Well, I must confess when I first agreed to take over maintenance of this plugin I wasn’t prepared for just how burned out I’d gotten at the time, so while I did manage to get 3.3.7 out the door, I have to admit progress was far slower than I would’ve liked.

But, version 4.0.0 is finally done, and I’ve managed to integrate a bunch of changes I had queued up while dealing with a bunch of open issues in the tracker.

Here’s hoping I didn’t break anything horribly (I dogfood the main branch on my own blog but I’m not going to claim that exercises every corner of the codebase, and I’ve not begun the monumental effort to close out issue #29, so automated tests are still very much absent).

With that said, version 4.0.0 of this plugin brings along a couple of major new features, along with some more minor enhancements. While the gem behaviour and associated configuration should be backward compatible with the 3.x series, the changes are significant enough that I felt it best to bump the major version of the plugin so folks are less likely to experience a surprise upgrade.

Syndication support

Services like brid.gy and news.indieweb.org make use of webmentions to support automated syndication of content from blogs to various third-party silos, including Mastodon, Github, and so on (in fact, that’s how this blog is syndicated to the Fediverse). While previously it was possible to use this plugin to integrate with those services, the integration was a bit tedious and there were key bits of functionality missing to enable a full integration.

This version of the plugin introduces a whole new set of functionality, along with related configuration and documentation, for simplifying the integration with these types of services.

For more information you can check out the documentation for the feature.

Enhanced error handling

Prior to version 4.0.0, error handling in this plugin was fairly basic with only a few settings to control behaviour. With the introduction of syndication support, it became more important to have finer-grained control over error handling so that, for example, syndication targets don’t get accidentally blacklisted due to configuration errors on the source site or outages on the target service.

As a result, this plugin adds a variety of new behaviours and associated configuration settings that offers the user significantly more control over how these types of errors are handled.

To learn more about these additional features and associated configuration options, checkout the associated documentation.

Additional changes

Support for Ruby 3.2

Thanks to Daniel Pietzsch for contributing this change, which removes the string_reflection gem from our list of dependencies, as it does not currently work with Ruby 3.2, and replaces it with the activesupport gem, which does.

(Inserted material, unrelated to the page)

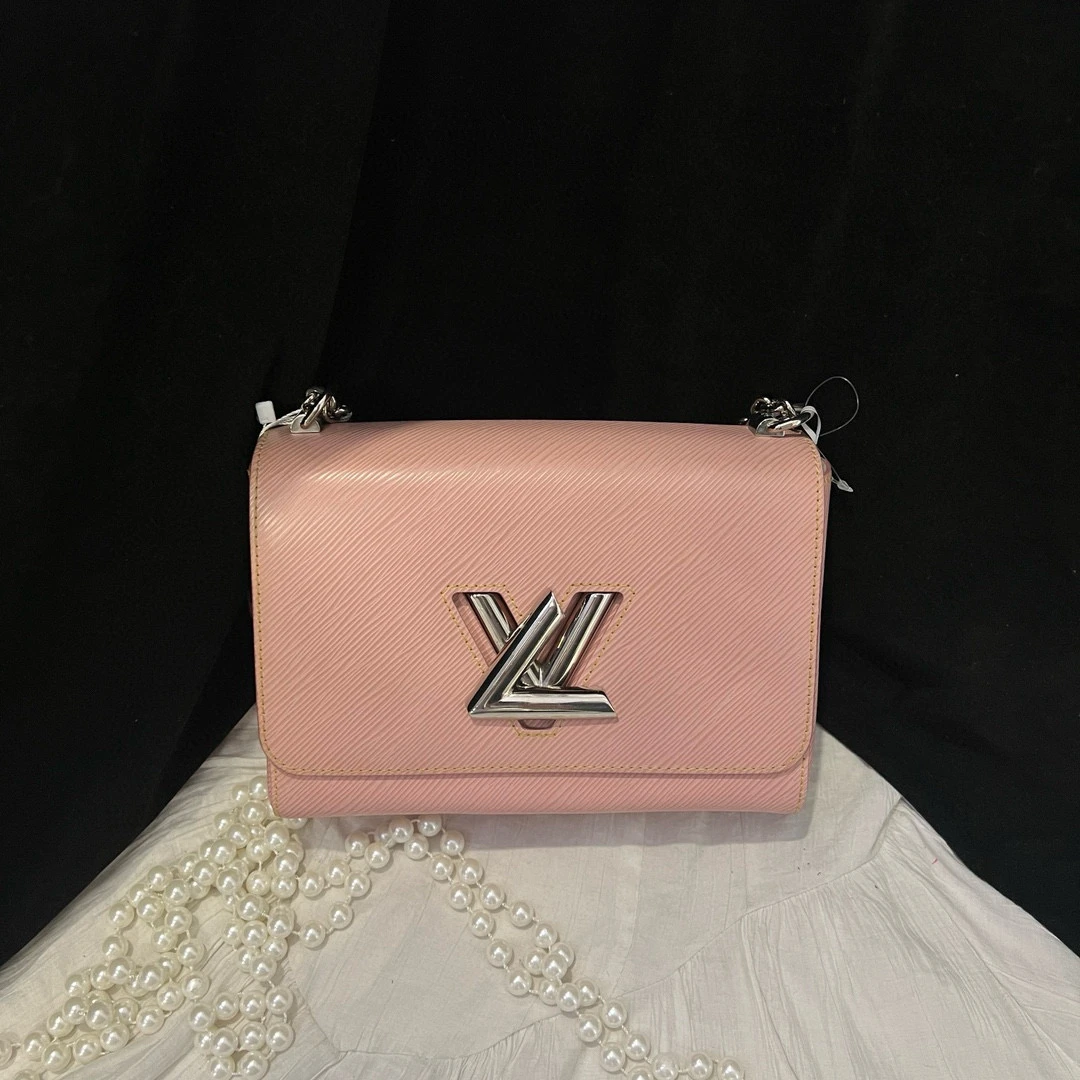 95新 LV lv 粉色twist水波纹单肩斜挎包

Don’t process inbound webmentions as markdown-formatted text

Previous versions of this plugin passed inbound webmention content received from webmention.io through a markdown formatter. However, content received from that service is actually sanitized HTML and should be treated accordingly.

As a result, the plugin no longer formats this content and, by default, passes it straight through to the formatting template.

For users who wish to preserve the old behaviour, this can be done by setting up a custom template and passing the content through markdownify.

In previous versions, this plugin would attempt to process and send webmentions to URL targets that were lacking a protocol specifier. Unfortunately, this code was broken and resulted in the plugin crashing. Given that no user reported this issue, I assume this functionality was not in use by anyone, and so rather than fixing the code I’ve removed it.

If it turns out this feature is important, please file an issue and I can investigate re-introducing it.

Support for short URLs

When syndicating to silos, it’s often desirable to post a shortened backlink URL in order to save characters. This plugin now supports specifying a shorturl value in the page frontmatter that is used as the source when sending a webmention to a target.

How you populate that field is up to you. On this blog I used this technique to build my own simple URL shortener using Apache RewriteMaps.

Ignore drafts

The draft frontmatter value is used by the jekyll-feed plugin to ignore posts in a blog feed, however in previous versions of this plugin this frontmatter was ignored when gathering and sending webmentions. This behaviour has now been fixed and draft posts are ignored by the plugin.

Bookmark support

Along with in_reply_to, the plugin now recognizes the bookmark_of frontmatter value and will send a webmention to the indicated target.

Some documentation cleanups

While Aaron did a great job of putting together solid documentation for enabling this plugin, I saw some opportunities to streamline things a bit and hopefully simplify onboarding. As a result, I’ve done a first pass at trying to further improve the documentation. I have no doubt there’s still a long way to go to make this gem as easy as possible to set up, but I hope this is a good step forward!